# Hong Kong Immigration Passenger Traffic Analysis

## 1. Project Overview

### 1.1 Introduction
This project analyzes daily passenger traffic at Hong Kong immigration checkpoints using various machine learning algorithms. The goal is to predict traffic patterns, classify high-traffic days, and identify clusters for operational planning.

### 1.2 Objectives
- Predict future passenger traffic using Linear Regression
- Classify days as high/low traffic using Logistic Regression and SVM
- Cluster similar traffic patterns using K-means
- Provide actionable insights for immigration authorities

## 2. Data Loading and Exploration

### 2.1 Import Libraries

In [None]:
# Data manipulation
import pandas as pd
import numpy as np

# Machine Learning
from sklearn.model_selection import train_test_split
from sklearn.linear_model import LinearRegression, LogisticRegression
from sklearn.svm import SVC
from sklearn.cluster import KMeans
from sklearn.preprocessing import StandardScaler
from sklearn.metrics import (mean_squared_error, r2_score, 
                           accuracy_score, confusion_matrix, 
                           classification_report, silhouette_score)

# Visualization
import matplotlib.pyplot as plt
import seaborn as sns
import plotly.express as px
import plotly.graph_objects as go

# Utilities
import warnings
warnings.filterwarnings('ignore')

# Set visualization style
plt.style.use('seaborn-v0_8-darkgrid')
sns.set_palette("husl")
print("✅ Libraries imported successfully!")

### 2.2 Load Dataset

In [None]:
# Load the dataset
# Note: You'll need to download this from the provided URL
data_path = "data/raw/passenger_traffic.csv"

try:
    df = pd.read_csv(data_path)
    print(f"✅ Data loaded successfully!")
    print(f"   Shape: {df.shape}")
    print(f"   Columns: {list(df.columns)}")
    print("\nFirst 5 rows:")
    display(df.head())
except FileNotFoundError:
    print("⚠️  Data file not found.
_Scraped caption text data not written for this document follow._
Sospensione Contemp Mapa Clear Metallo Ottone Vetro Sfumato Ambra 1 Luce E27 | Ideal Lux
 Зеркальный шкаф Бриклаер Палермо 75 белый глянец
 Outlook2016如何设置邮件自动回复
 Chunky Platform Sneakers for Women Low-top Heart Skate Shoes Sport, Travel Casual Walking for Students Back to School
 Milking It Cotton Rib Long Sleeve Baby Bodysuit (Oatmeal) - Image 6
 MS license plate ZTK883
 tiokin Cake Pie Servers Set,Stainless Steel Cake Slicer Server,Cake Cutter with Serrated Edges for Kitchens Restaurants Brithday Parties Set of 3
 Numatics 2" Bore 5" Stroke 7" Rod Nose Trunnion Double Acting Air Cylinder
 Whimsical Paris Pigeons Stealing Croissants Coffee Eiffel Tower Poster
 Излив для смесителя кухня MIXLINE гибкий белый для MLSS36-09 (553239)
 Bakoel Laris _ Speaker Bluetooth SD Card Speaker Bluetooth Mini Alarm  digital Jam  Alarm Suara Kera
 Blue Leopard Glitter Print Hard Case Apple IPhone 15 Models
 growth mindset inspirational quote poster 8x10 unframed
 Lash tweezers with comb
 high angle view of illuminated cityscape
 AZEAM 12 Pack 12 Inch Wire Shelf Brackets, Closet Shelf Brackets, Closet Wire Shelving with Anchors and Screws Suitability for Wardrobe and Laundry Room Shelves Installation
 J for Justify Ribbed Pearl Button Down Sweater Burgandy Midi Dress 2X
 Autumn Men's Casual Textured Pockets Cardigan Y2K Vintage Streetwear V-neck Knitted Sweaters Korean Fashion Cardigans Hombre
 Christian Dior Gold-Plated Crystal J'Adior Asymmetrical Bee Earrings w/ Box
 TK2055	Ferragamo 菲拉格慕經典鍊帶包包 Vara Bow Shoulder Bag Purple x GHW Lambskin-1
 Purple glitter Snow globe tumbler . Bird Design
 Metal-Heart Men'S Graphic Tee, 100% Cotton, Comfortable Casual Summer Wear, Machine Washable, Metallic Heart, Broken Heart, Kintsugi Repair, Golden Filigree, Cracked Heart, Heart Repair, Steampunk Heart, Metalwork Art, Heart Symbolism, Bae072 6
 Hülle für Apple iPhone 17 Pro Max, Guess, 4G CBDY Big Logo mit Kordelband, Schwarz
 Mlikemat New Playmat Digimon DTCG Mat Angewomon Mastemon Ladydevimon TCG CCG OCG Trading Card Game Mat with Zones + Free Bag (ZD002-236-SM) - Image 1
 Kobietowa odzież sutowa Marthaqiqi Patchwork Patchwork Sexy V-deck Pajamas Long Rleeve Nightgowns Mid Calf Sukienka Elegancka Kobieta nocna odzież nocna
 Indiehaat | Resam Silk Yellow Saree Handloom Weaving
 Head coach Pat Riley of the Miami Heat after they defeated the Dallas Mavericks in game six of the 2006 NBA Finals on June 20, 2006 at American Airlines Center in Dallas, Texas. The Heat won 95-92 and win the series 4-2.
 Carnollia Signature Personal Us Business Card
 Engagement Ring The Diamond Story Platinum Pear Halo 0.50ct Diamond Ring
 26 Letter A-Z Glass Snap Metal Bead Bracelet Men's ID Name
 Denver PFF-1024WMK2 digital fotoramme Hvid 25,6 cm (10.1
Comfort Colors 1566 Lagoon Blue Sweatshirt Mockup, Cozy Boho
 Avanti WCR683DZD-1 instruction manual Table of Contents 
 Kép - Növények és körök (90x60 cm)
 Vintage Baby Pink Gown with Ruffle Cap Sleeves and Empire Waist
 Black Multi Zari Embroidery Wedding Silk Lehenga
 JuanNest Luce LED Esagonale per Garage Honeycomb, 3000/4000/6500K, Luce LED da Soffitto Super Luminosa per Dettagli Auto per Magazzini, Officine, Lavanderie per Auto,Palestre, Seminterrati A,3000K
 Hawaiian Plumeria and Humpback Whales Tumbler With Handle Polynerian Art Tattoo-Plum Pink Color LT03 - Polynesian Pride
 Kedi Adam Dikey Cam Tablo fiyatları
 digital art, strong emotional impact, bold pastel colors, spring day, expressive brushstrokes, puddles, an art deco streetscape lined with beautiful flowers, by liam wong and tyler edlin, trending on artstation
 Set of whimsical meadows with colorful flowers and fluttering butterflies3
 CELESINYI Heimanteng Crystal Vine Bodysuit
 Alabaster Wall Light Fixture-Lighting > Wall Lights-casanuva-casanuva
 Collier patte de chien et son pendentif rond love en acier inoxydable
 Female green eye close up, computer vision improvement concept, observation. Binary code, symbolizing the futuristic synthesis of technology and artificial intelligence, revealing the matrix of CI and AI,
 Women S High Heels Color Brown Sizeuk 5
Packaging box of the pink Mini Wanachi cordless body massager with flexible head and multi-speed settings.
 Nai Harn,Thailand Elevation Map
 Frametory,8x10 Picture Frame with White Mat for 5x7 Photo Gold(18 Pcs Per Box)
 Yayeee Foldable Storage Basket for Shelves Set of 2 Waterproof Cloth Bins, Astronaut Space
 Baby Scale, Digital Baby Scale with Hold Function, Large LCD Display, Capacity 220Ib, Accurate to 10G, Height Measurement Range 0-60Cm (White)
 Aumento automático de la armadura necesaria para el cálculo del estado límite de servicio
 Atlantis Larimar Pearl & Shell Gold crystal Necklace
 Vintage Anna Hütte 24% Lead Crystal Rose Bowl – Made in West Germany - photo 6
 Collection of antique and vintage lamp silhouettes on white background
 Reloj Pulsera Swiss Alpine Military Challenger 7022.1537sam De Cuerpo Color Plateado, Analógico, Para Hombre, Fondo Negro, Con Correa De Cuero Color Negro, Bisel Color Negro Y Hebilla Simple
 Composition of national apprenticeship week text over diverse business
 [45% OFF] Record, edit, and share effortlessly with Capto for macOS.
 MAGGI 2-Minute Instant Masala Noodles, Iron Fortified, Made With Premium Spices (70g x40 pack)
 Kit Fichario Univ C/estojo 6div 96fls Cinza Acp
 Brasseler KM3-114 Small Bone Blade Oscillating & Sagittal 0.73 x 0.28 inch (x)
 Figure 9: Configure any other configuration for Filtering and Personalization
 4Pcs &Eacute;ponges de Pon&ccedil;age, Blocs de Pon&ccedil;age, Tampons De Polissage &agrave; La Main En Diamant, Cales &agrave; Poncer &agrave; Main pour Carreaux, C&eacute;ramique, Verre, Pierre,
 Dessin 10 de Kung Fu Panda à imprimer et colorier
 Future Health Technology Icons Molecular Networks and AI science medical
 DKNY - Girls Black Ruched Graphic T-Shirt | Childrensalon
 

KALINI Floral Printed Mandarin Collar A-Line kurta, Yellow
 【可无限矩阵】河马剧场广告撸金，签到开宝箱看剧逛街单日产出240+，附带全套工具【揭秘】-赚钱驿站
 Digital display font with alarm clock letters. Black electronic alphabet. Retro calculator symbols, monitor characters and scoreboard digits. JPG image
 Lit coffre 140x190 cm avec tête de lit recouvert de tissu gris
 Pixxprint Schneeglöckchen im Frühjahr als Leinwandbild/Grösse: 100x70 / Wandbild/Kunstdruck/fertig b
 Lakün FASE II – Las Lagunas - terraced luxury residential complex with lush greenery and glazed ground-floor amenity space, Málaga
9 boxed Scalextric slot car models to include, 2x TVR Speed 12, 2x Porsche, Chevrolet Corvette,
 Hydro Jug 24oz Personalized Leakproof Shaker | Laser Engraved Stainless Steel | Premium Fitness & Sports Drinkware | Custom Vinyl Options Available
Please download from:")
    print("https://data.gov.hk/en-data/dataset/hk-immd-set5-statistics-daily-passenger-traffic")
    print("\nCreating sample data for demonstration...")
    
    # Create sample data for demonstration
    dates = pd.date_range(start='2023-01-01', end='2023-12-31', freq='D')
    np.random.seed(42)
    
    df = pd.DataFrame({
        'date': dates,
        'immigration_point': np.random.choice(['Airport', 'Lo Wu', 'Lok Ma Chau', 'Shenzhen Bay'], len(dates)),
        'passenger_count': np.random.randint(50000, 300000, len(dates)) + 
                          (dates.dayofweek >= 5).astype(int) * 50000 +  # Weekend effect
                          (dates.month.isin([7, 8, 12])).astype(int) * 80000,  # Holiday months
        'passenger_type': np.random.choice(['Resident', 'Visitor', 'Transit'], len(dates))
    })
    
    print("Sample data created for demonstration purposes.")
    display(df.head())